The first chip, the RV560, features eight ROP units and is capable of pushing out eight pixels per clock, which is double the number of the current X1600 (RV530).
The number of Pixel Shader ALUs (arithmetical logical units) will also get a boost, and the RV560 will feature 24 of them, with four Vertex Shader units. The number of Texture Memory Units (TMU's) has also been raised from four to eight, since there is no logical reason to have fewer textures than pixels per clock.
The second chip, the RV570 will truly be a mainstream monster, which should give Nvidia a headache. The chip is scheduled to have 12 ROP and 12 units (12 pixel/textures per clock), 36 Pixel Shader ALU's and six Vertex Shaders. Clock speeds are not defined, but you can expect 650 or even a 700MHz GPU clock for the X1700XT part. It all depends on yields.
ATI's 80 nanometre mainstream parts are almost certain to be named X1700, although we have no confirmation about the suffixes used for two different chips.
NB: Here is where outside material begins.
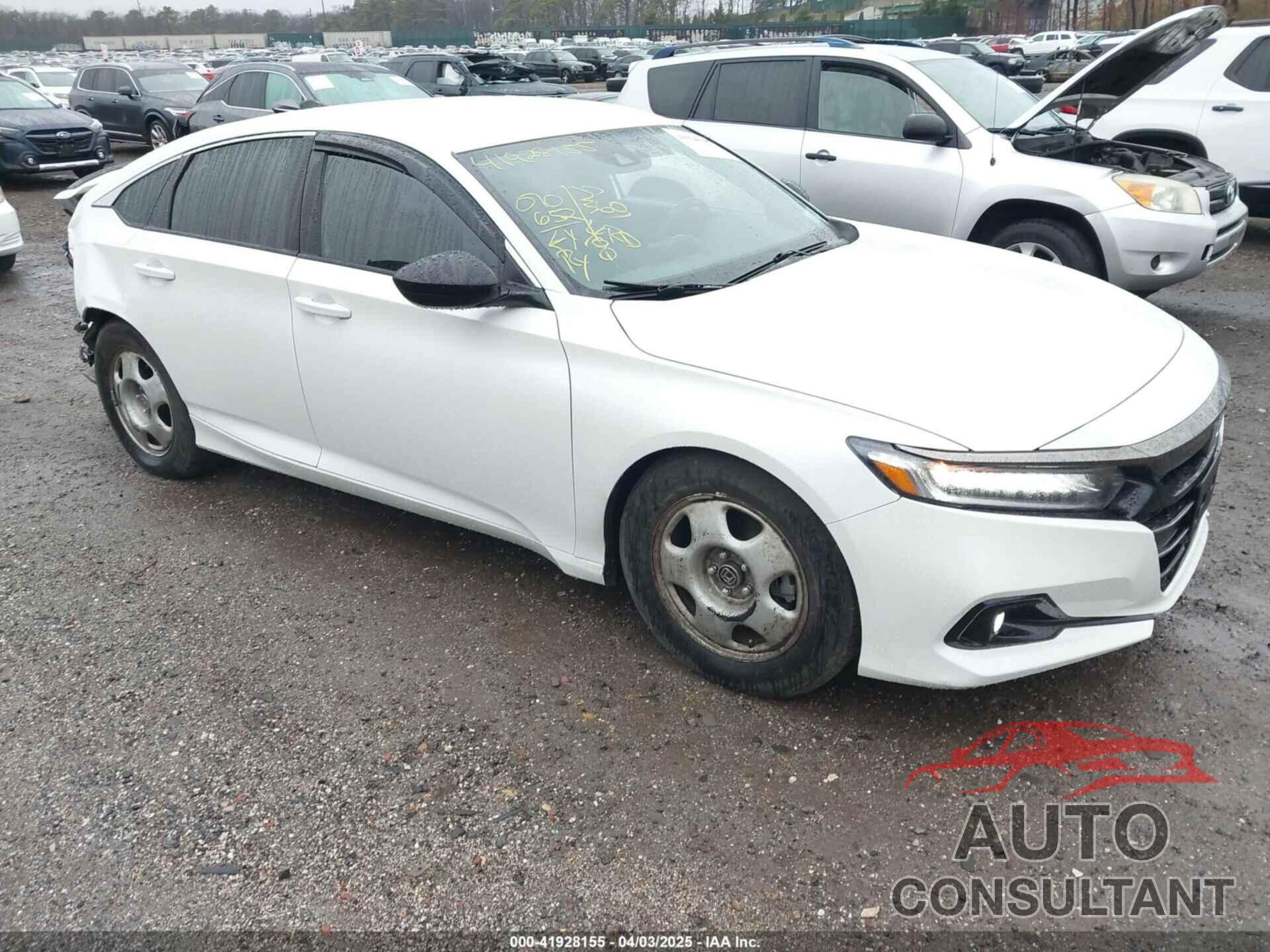 HONDA ACCORD 2022 - 1HGCV1F37NA071138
We know that two RV570 based models are likely to be named X1700XL and X1700XT, while the RV560 will find itself in the X1700Pro range. Unless the company pulls out an X1500 moniker to differentiate the two - and it would be interesting to see X1500 outperforming X1600 by a mile. At the same time, X1300 will occupy the low-end, and the X1600 should slowly fade away to leave room for different clocked RV560/570 parts.